Fewer Tax Collectors, Lower State Tax Collections
April 12, 2002
Despite a sharp drop in revenue that is forcing cuts in spending, state governments are reducing enforcement of their tax laws. As a result, billions of dollars in taxes are going unpaid.
- In South Carolina, cuts of more than 200 of the more than 500 jobs at the state tax agency have cost the state millions of dollars more in lost revenue than is being saved in salaries for auditors and tax collectors.
- In Iowa, Minnesota, Nebraska, Wisconsin and other states, auditors and tax collectors have been pulled off the hunt for tax cheats to do clerical work because of budget cuts.
- Cuts in enforcement of the tax laws primarily benefit cheats with higher incomes, especially investors in partnerships, because until recently partnership income had never been matched to each individual tax return.

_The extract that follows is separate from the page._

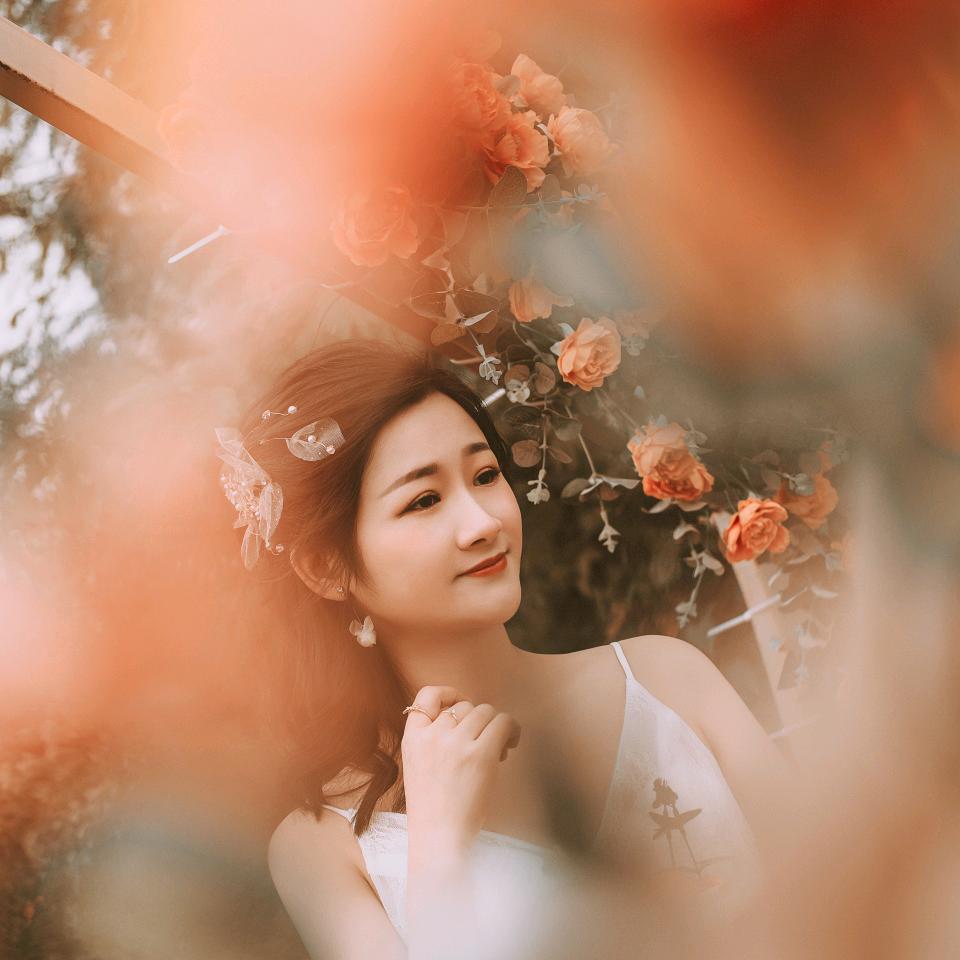 🥰滢滢❤️棠棠🥰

- Last fall the Internal Revenue Service gave states detailed computer files on so-called K-1 income, which could be compared to state tax returns -- but states don't have the manpower to pursue those who fail to report the income.
Three-quarters of K-1 income (named for the tax form on which it is reported) flows to people who report a total income of $200,000 or more -- the richest 2 percent of Americans. According to one expert, former IRS official Jerry Curnutt, New York state alone could collect $2 billion in taxes for the years 1996 through 2000 just by pursuing the top 10 percent of K-1 tax cheats. Twelve other states could collect $1.5 billion, he said.